Respecto a los adultos, Molina describe: «Son gente muy ordenada. Es una s ociedad que no muestra mucha debilidad , está en su cultura. Pero no se lo esperaban. Tenemos sesiones psicoeducativas en las que les explicamos las consecuencias de un conflicto en la salud mental. En realidad, son personas de clase media-alta, muy apegadas a sus profesiones, a los que de repente se les ha fracturado la rutina y la dinámica familiar».

Entre las presentes hay maestras, arquitectas, ingenieras ... «Ahora no saben si algún día podrán volver a ejercer su oficio. La lucha es contra la ruptura radical de su propia identidad», remarca la psicóloga. «A muchos les cuesta hablar, y hay que respetarlo. En otras crisis tardan hasta un año en comenzar el desahogo emocional», añade Abengozar, responsable de todos los equipos de atención psicológica en la oficina central de Cruz Roja. « Tienen miedo a romperse : si caen ellos, sufrirán los menores que les acompañan», agrega.

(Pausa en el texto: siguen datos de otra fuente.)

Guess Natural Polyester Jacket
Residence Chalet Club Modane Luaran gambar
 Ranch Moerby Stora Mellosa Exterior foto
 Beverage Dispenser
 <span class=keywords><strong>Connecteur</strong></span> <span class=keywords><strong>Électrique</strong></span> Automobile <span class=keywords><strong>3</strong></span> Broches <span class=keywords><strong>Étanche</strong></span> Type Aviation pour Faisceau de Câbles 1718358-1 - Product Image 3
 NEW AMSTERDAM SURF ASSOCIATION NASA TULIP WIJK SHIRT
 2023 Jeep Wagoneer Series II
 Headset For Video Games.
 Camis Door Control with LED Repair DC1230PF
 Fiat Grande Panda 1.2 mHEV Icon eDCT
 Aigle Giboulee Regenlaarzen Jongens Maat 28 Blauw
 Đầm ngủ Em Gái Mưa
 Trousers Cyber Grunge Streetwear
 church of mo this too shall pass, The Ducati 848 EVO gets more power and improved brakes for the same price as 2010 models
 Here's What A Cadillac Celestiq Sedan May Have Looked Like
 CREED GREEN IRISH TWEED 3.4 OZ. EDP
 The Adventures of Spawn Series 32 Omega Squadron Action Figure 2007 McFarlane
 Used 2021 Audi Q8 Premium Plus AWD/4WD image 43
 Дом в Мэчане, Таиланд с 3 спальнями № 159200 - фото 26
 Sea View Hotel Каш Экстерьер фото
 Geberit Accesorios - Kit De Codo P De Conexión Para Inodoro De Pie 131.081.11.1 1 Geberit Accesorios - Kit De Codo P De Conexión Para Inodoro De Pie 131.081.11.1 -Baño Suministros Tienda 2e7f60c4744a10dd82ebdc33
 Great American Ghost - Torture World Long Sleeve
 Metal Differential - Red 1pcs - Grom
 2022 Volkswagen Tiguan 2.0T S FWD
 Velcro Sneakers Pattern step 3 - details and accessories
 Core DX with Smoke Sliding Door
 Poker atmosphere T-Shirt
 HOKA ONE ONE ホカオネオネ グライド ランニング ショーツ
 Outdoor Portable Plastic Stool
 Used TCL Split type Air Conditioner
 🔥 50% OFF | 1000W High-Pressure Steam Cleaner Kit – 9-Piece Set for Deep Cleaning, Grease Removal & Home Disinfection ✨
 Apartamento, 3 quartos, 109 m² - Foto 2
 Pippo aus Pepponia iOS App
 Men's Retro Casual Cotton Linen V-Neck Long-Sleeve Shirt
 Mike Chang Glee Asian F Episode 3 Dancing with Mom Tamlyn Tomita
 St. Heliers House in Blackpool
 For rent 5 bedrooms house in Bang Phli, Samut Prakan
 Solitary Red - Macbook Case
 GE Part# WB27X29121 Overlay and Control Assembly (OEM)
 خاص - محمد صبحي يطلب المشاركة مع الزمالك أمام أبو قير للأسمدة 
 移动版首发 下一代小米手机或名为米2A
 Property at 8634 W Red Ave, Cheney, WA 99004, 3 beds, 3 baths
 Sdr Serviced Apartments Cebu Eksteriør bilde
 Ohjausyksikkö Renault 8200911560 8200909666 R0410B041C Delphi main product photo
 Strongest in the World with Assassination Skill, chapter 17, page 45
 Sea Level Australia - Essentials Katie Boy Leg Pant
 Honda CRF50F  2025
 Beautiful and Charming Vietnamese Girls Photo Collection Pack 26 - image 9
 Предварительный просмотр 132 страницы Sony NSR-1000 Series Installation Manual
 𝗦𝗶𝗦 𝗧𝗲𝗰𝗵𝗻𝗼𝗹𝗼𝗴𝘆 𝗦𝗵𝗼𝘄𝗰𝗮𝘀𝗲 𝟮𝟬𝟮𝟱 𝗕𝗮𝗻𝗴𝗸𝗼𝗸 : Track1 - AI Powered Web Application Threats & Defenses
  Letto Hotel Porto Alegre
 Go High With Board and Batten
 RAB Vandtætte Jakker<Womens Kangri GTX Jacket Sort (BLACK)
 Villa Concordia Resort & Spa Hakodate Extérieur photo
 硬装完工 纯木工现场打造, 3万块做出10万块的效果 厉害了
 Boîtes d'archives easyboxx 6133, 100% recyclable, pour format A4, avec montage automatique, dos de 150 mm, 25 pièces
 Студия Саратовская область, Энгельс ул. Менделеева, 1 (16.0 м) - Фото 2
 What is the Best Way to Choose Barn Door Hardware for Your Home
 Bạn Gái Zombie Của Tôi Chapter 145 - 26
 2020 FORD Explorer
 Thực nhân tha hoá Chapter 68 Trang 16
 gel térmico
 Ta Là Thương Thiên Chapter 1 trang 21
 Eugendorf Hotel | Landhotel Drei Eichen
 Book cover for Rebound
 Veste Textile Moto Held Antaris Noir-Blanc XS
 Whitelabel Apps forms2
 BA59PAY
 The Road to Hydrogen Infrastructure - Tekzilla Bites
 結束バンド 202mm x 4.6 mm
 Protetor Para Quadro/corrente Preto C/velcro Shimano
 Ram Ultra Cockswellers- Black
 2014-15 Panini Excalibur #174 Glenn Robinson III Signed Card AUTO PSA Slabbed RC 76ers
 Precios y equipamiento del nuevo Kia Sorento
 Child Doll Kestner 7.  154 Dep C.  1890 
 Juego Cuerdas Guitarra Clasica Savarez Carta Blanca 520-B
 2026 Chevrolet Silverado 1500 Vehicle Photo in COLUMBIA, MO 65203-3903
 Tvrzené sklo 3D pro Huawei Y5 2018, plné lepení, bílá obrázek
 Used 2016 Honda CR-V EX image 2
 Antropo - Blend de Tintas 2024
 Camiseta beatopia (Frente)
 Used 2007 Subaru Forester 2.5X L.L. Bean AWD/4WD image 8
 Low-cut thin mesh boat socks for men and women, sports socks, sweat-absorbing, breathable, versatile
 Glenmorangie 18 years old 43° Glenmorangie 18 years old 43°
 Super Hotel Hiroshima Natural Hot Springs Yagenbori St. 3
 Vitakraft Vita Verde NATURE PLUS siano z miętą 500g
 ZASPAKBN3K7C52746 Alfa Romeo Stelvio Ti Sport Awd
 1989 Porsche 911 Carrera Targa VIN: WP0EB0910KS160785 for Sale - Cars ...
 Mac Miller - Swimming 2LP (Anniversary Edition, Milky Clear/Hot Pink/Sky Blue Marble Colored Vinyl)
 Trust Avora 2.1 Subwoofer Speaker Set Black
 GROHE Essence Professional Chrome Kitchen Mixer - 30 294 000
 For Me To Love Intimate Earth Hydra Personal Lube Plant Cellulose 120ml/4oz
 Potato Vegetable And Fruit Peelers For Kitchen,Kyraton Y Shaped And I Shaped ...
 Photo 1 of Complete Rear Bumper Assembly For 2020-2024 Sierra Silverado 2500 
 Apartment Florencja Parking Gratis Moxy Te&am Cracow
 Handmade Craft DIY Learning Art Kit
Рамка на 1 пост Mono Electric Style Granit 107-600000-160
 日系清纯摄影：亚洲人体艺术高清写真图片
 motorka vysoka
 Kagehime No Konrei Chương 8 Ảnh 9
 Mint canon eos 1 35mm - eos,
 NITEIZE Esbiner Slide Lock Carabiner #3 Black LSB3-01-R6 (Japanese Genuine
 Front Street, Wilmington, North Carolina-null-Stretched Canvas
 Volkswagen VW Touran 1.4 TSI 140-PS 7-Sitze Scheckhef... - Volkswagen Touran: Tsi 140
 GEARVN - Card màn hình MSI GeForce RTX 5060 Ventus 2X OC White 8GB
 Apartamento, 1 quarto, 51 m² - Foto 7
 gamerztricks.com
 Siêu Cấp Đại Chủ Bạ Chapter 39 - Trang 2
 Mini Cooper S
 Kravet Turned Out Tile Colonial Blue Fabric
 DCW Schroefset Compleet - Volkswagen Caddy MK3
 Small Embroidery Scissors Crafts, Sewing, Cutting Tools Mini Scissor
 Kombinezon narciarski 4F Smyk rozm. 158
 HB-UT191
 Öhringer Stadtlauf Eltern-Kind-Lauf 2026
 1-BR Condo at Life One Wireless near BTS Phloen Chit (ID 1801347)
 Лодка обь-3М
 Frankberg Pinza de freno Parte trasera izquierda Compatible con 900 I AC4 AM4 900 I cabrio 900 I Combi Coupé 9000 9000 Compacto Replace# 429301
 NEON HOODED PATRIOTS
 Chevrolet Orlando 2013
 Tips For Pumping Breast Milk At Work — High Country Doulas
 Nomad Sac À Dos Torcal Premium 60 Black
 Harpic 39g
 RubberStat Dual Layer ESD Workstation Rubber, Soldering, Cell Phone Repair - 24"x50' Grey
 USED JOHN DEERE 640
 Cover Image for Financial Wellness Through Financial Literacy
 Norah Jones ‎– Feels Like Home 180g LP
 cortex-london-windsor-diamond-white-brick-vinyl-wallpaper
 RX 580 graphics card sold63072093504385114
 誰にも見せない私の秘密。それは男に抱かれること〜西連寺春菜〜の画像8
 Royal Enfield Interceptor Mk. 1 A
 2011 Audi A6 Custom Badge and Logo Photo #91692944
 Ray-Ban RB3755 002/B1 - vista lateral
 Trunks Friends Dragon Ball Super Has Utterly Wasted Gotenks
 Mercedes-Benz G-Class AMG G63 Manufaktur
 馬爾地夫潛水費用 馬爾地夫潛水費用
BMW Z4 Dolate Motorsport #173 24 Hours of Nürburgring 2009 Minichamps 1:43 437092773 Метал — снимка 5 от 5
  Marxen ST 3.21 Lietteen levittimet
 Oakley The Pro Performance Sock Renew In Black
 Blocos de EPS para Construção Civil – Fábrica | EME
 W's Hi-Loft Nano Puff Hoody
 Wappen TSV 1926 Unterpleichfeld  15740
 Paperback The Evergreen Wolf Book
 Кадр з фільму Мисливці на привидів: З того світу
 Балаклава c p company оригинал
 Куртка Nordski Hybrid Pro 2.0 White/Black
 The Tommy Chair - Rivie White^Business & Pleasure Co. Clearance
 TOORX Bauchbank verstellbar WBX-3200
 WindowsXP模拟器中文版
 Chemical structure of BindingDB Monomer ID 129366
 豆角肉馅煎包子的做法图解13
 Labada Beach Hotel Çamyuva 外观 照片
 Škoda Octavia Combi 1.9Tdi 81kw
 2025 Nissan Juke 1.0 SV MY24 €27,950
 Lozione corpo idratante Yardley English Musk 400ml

Molina, que ha trabajado veinte años con refugiados, diferencia que con otros colectivos vulnerables cuesta explicar «cómo funcionamos» los occidentales. Este problema no lo sufrirán los ucranianos, «muy parecidos a los europeos» , sí el del idioma, un gran obstáculo para su adaptación. La demanda de información es una constante entre ellos, preguntan a las traductoras de Cruz Roja «cuándo podrán volver a su país», pero la respuesta no les apacigua. Y se procura gestionar lo que reciben con todas las cautela. «Insistimos mucho en que solo se les dé la información con la que están seguros », afirma Molina. «Lo que sí une al éxodo de venezolanos, afganos o sirios es que todo el mundo huye. Lo que más agradecen es que les traten como personas. Muchos pasarán de aquí a pisos tutelados de Cruz Roja o al programa de acogida, recibirán permiso de residencia y protección».